INSTRUCTIONS FOR THE TASK:
Once the pictures are set aside, transcribe the remaining data exactly.

RECORD EXTRACTS:
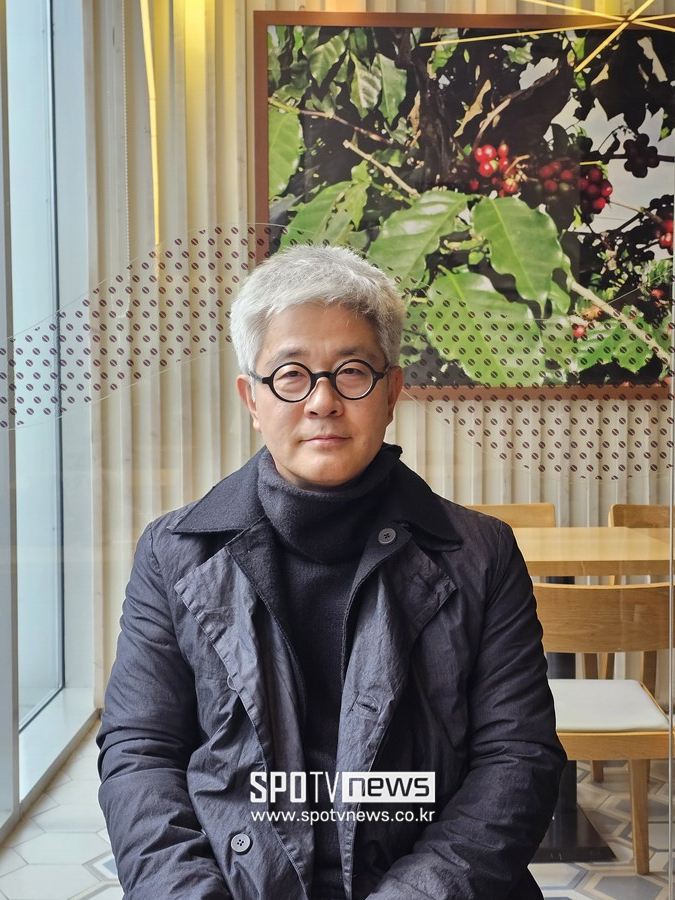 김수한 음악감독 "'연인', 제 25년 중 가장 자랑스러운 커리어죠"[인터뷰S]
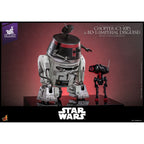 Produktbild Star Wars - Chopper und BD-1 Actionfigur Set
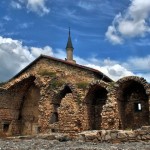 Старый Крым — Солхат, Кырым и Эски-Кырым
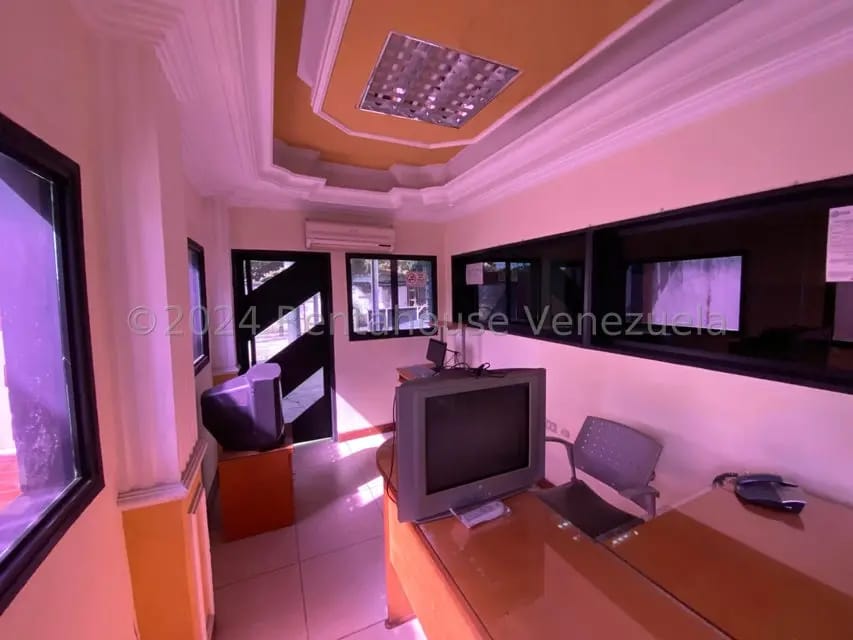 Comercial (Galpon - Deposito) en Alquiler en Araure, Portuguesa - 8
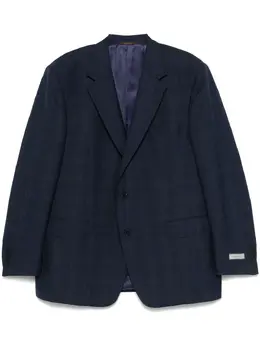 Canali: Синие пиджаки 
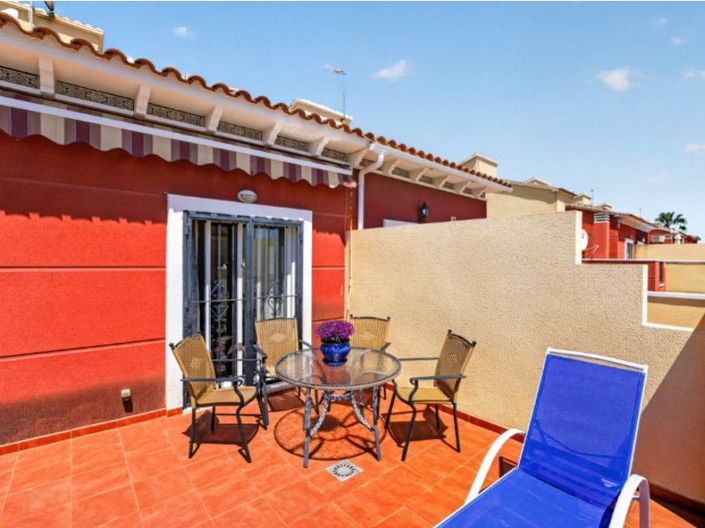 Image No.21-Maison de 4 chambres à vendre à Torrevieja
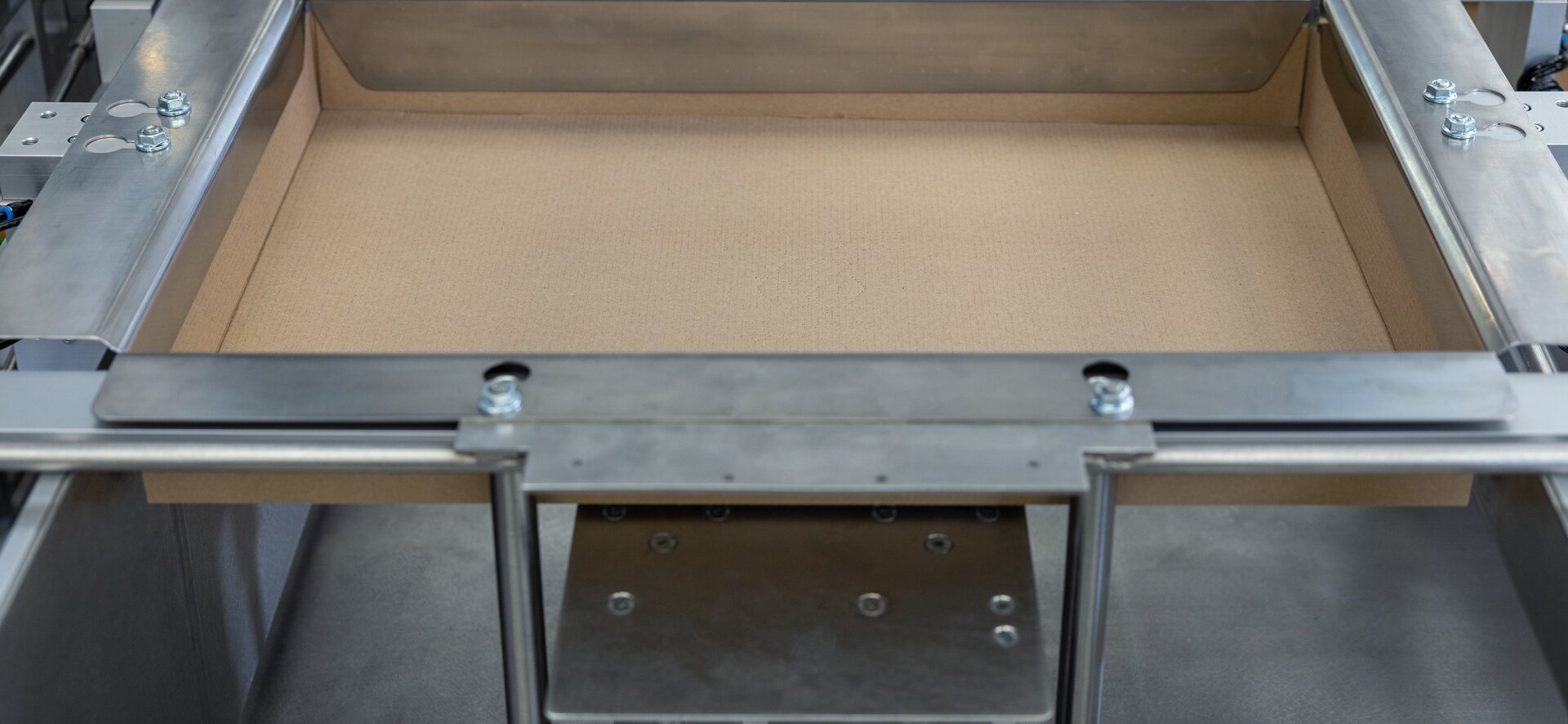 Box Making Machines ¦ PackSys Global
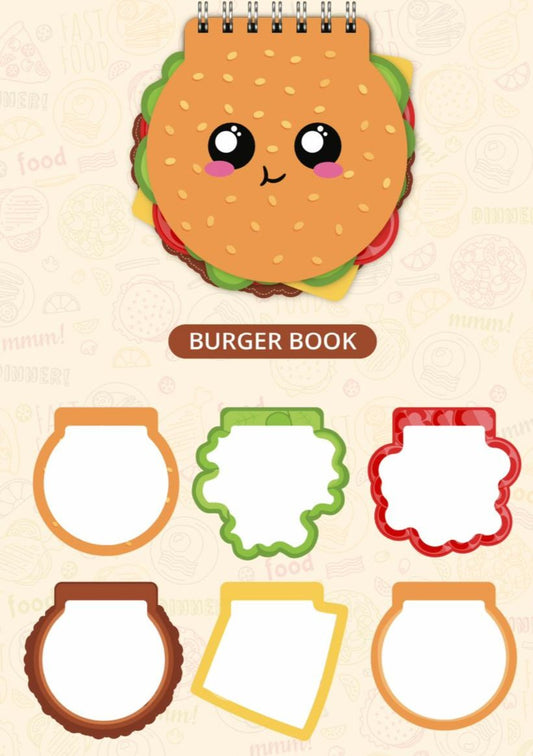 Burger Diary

SOLUTION BELOW:
 김수한 음악감독 "'연인', 제 25년 중 가장 자랑스러운 커리어죠"[인터뷰S]
 Produktbild Star Wars - Chopper und BD-1 Actionfigur Set
 Старый Крым — Солхат, Кырым и Эски-Кырым
 Comercial (Galpon - Deposito) en Alquiler en Araure, Portuguesa - 8
 Canali: Синие пиджаки 
 Image No.21-Maison de 4 chambres à vendre à Torrevieja
 Box Making Machines ¦ PackSys Global
 Burger Diary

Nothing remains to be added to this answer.